What’s Next California? Deliberative Poll Results Released
By Chris Alvarez
B.A. International Relations and Economics, 2011
M.A. Public Policy, 2012
With approval of the California State Legislature consistently registering around 25 percent, it is clear that the public is generally frustrated with the way things are being run in Sacramento. Earlier this summer, the Bill Lane Center for the American West, together with a coalition of non-partisan reform groups and academic institutions, co-sponsored “What’s Next California,” a three-day deliberative poll looking to develop a better sense of public opinion on a variety of proposals that would reform the way state government operates.
“What’s Next California” invited a representative sample of over 400 randomly selected citizens from all over the state to spend a weekend considering solutions for how California can address the partisanship, gridlock, and chronic budget shortfalls that confront our state. The itinerary for the weekend included small group discussion sections, Q&A sessions with policy experts, access to non-partisan briefing materials, and banquet-style dinners allowing participants to interact in a more informal setting. The participants were surveyed about their views on a range of state government issues and reform proposals upon arriving at the event site and submitted an exit survey on the same issues and proposals at the conclusion of the weekend. The idea is that instead of gauging top-of-the-head opinions as traditional polls do, a deliberative poll highlights how opinions evolve as respondents learn more about the issues and have the opportunity to discuss them with their peers.
At a press conference in Sacramento today, organizers behind this event presented the highly-anticipated results from the weekend. Some of the most interesting highlights from the report results unveiled today include:
- When asked to choose between having fewer legislators who each represent more people vs. more legislators who each represent fewer people, support for the latter option increased from 57% to 71%.
- Support for “creating a formal review process to allow an initiative’s proponents to amend an initiative following public input” increased 17 percentage points from 59% to 76%.
- One of the most popular proposals of the weekend was “publishing the top five contributors for and against each ballot measure in the ballot pamphlet”, which increased in support from 82% to 91%.
- “Allowing local governments to raise taxes for local services in exchange for increased coordination of service delivery and public reporting of performance” increased in support from 54% to 63%.
- The proposal to lower “the supermajority vote required in the Legislature to raise taxes” rose 18 percentage points from 32% to 50%.
- Participants also supported limiting the use of one-time revenue “spikes” to one-time expenditures, starting with paying down state debt and filling the state rainy day fund (84% after deliberation, 80% before).
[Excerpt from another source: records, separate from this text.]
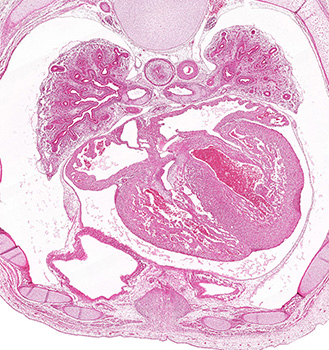 A histology section of a human embryo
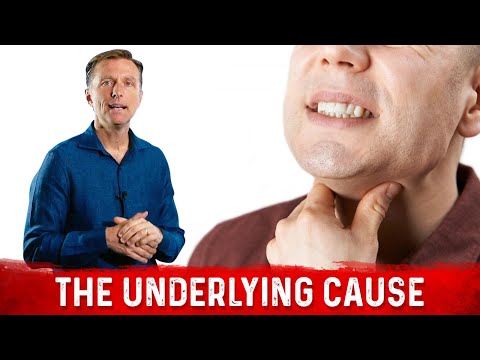 Burning Throat Syndrome or Silent Acid Reflux Causes – Dr.Berg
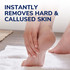 Dr.Scholl's™ Callus Hard Skin Manual File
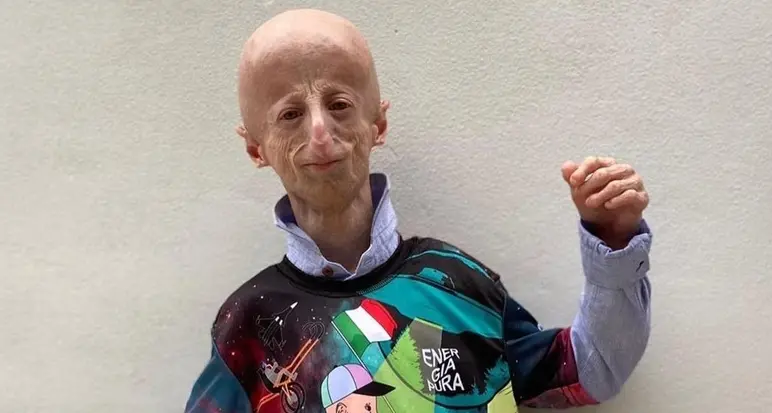 Muore a 28 anni Sammy Basso, il più anziano malato di Progeria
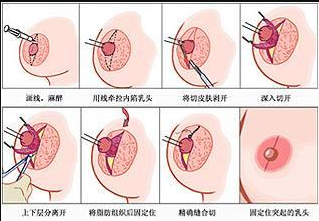 乳头内陷矫正多久消肿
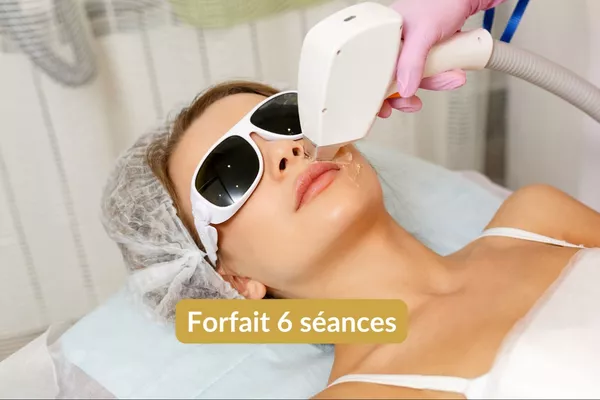 Épilation lumière pulsée Lèvre supérieure - Forfait 6 séances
As an academic observer at this event, I had the opportunity to sit in on various sessions- including the small group discussions- and witness first-hand how this deliberation process unfolded. I was struck by the positive tone, civility, and general pleasantness of the discussion despite some clear deep disagreements on certain proposals. One participant later expressed a similar impression to a local newspaper, telling them, “We were a bunch of strangers, from different backgrounds, economic levels, political persuasions, ages, ethnicities and professions, and we were all respectful of each other, listening to one another, expressing different thoughts, observations, considerations, concerns.” I was also surprised to see how in contrast to the headlines and catch-phrases that often capture the extent of our political discourse, the participants in this event showed a real willingness to discuss the merits of the proposals on a deeper level. Some participants had even diligently highlighted and bookmarked key facts included in their briefing books so they could reference them during the course of the debate. Participants really engaged on the issues and showed that they understood the difficult political tradeoffs involved. Overall this event was an eye-opening experience and the results released today hopefully provide policy-makers with greater insight into how the public thinks we can move forward and address the challenges facing California.